Doesn't the Westchester Consent Decree require an Implementation Plan that insures pro-AFFH development?
July 21, 2012 — The Consent Decree unmistakably contemplates that all housing developed under the Decree will be developed pursuant to an Implementation Plan (IP) that sets forth with specificity how the County plans to discharge its obligations.
Paragraph 20(d) of the Decree makes plain that the only acceptable IP is one that “accomplishes the objectives and terms” of the Decree. And paragraph 7(j) is one of several places in the Decree that states explicitly that the purpose of the Decree is “to AFFH” (that is, to affirmatively further fair housing”).
In short, only pro-AFFH housing is Decree-compliant, and the idea that proposed housing has to meet only municipal-level criteria is without foundation.
So what has happened? Three years after the Consent Decree was entered, and two years after the Monitor found Westchester’s second IP to be non-compliant, there is no IP in place that remotely begins to assure AFFH (though Consent Decree, ¶ 20(d) required the Monitor to impose such an IP). All housing development has proceeded in an ad hoc fashion, and, despite the fact that the overwhelming number of units being developed do not AFFH, that development has been “counted.”
Some specific questions to think about:
Is there an IP that makes certain that development sites needing remediation won’t be selected? No.
Is there an IP that makes certain that development sites won’t isolate or stigmatize residents but rather will integrate residents into the community?

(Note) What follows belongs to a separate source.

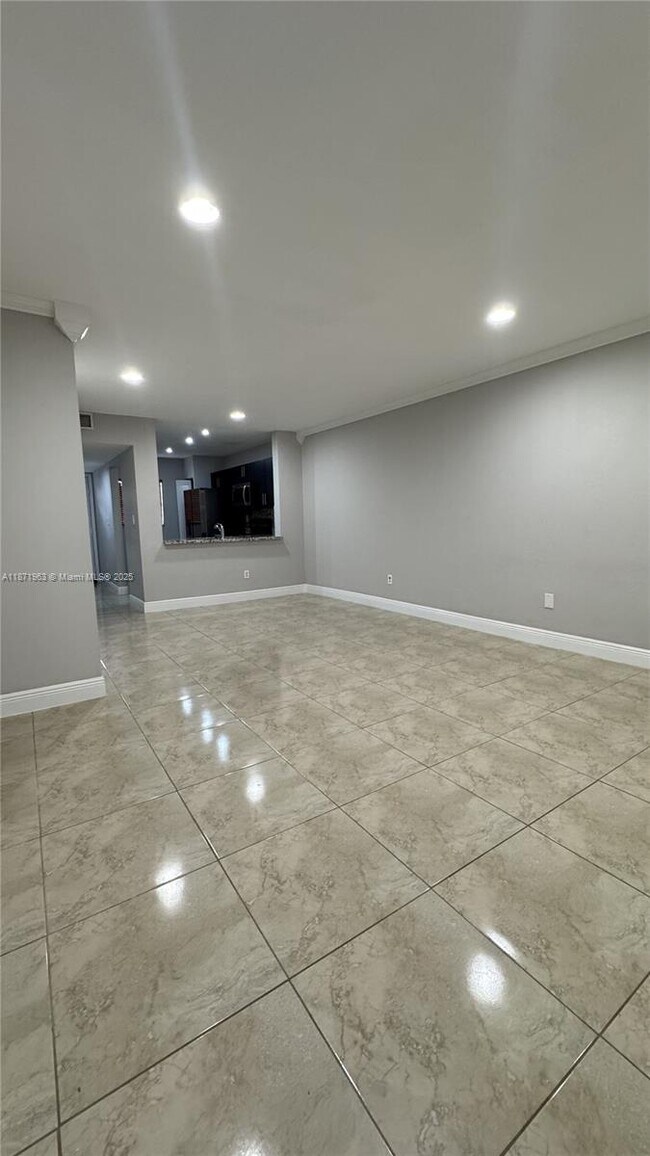 Photo - 438 NE 210th Cir Terrace Unit 204-4B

No.
Is there an IP that makes certain that housing units (or at least a minimum percentage of them) will be placed within existing residential neighborhoods on populated census blocks that are currently least African-American and Latino? No.
Is there an IP that makes certain that any minimum percentage of housing developments are a mix of market-rate and subsidized units? No.
Is there an IP that delineates how Westchester will acquire interests in property with maximum desesgration potential? No.
Is there an IP that commits Westchester to proceeding with litigation against municipalities that retain barriers to fair housing choice? No.
Is there an IP that includes any of the features that ADC identified as characteristic of a genuine IP in our motion to enforce that was submitted more than a year ago? No. (Note: the consideration of ADC’s enforcement motion was successfully opposed by the Government and the Monitor.)